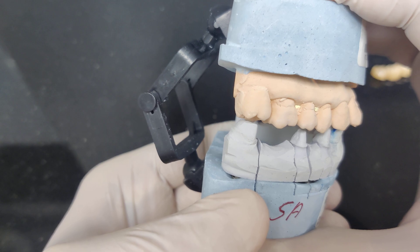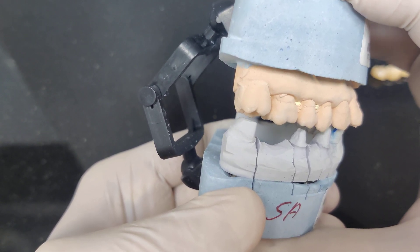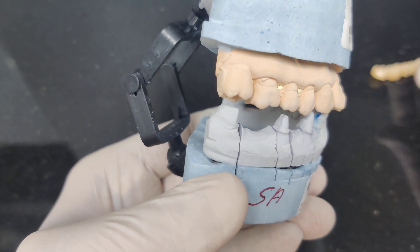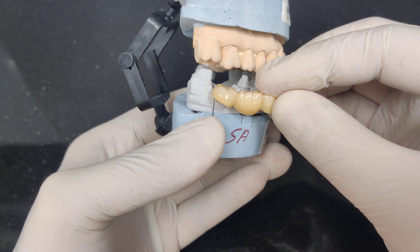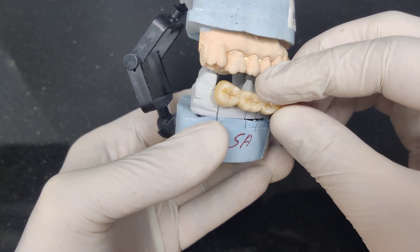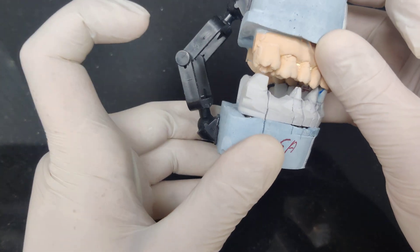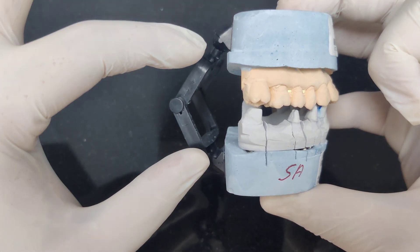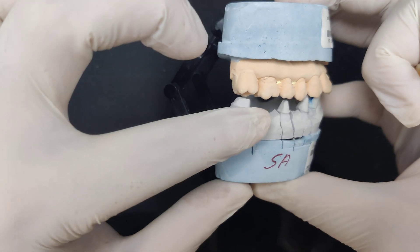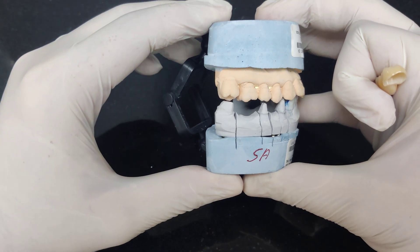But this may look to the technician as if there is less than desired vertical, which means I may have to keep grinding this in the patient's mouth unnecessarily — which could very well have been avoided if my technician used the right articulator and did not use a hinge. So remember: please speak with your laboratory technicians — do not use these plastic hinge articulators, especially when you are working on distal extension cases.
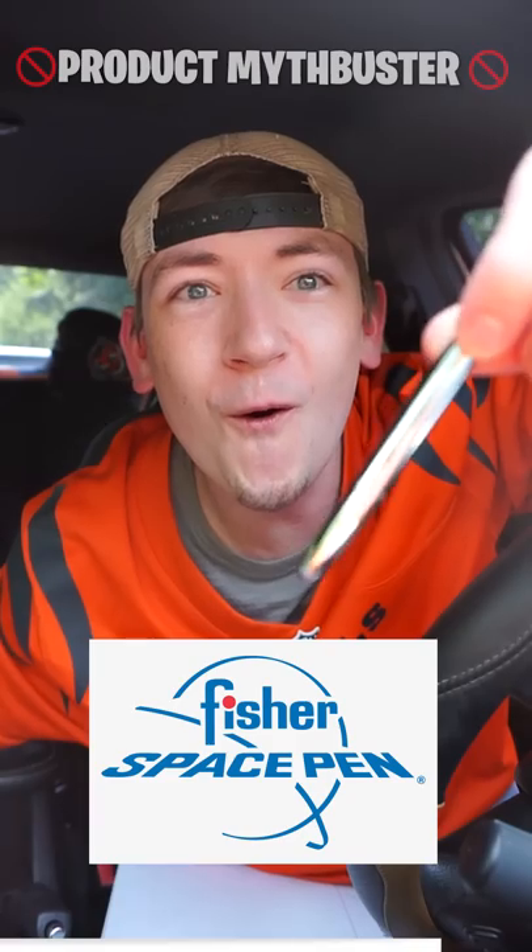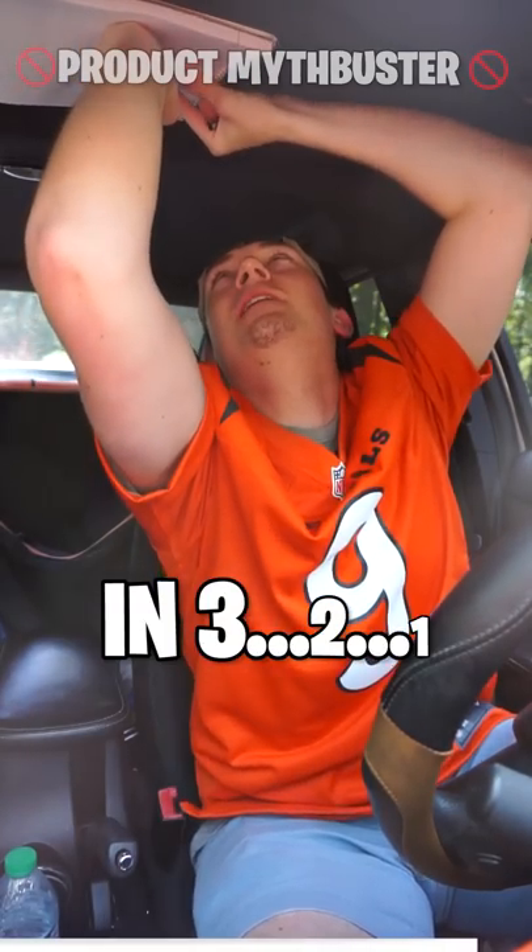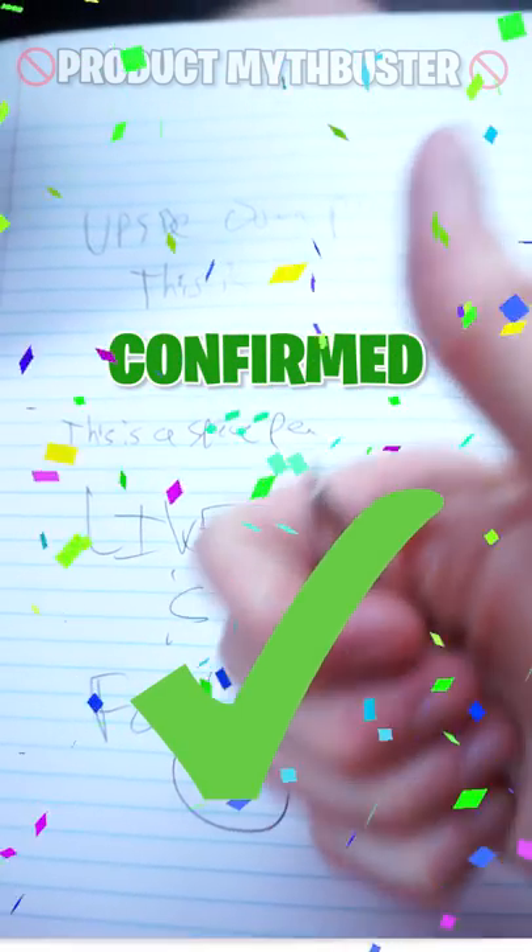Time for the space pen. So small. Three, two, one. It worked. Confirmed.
* * *
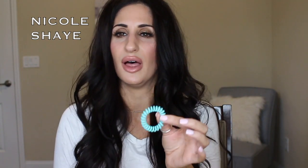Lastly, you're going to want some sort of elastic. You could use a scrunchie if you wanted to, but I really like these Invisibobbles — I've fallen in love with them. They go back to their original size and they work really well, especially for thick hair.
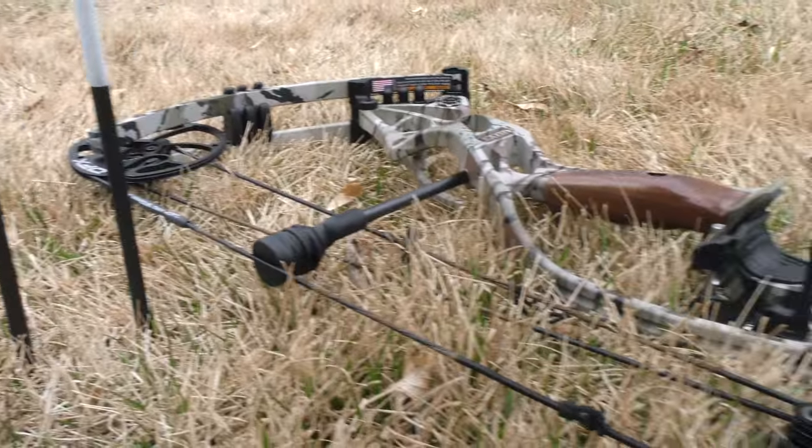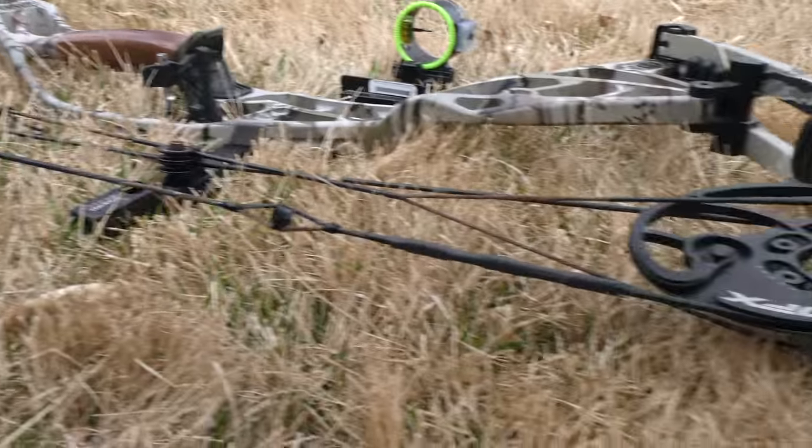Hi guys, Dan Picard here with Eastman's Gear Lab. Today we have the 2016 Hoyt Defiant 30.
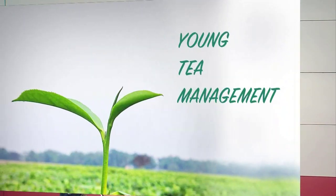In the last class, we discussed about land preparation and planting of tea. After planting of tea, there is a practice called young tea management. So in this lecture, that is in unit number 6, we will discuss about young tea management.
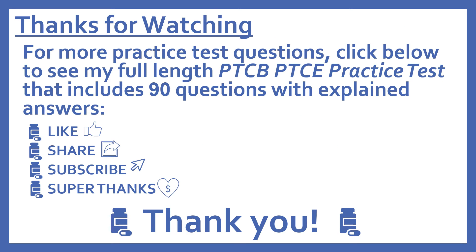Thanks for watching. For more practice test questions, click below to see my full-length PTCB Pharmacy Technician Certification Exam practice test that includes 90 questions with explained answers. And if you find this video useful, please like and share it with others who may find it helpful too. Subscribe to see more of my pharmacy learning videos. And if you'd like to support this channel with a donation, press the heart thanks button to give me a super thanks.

> **ASSIGNMENT**: Within the listing above, extract exactly the lines that run from the one containing "But this may" through the one containing "Time for the", excluding any pictures.

> **WRITTEN RESPONSE**:
But this may look to the technician as if there is less than desired vertical, which means I may have to keep grinding this in the patient's mouth unnecessarily — which could very well have been avoided if my technician used the right articulator and did not use a hinge. So remember: please speak with your laboratory technicians — do not use these plastic hinge articulators, especially when you are working on distal extension cases.
Time for the space pen. So small. Three, two, one. It worked. Confirmed.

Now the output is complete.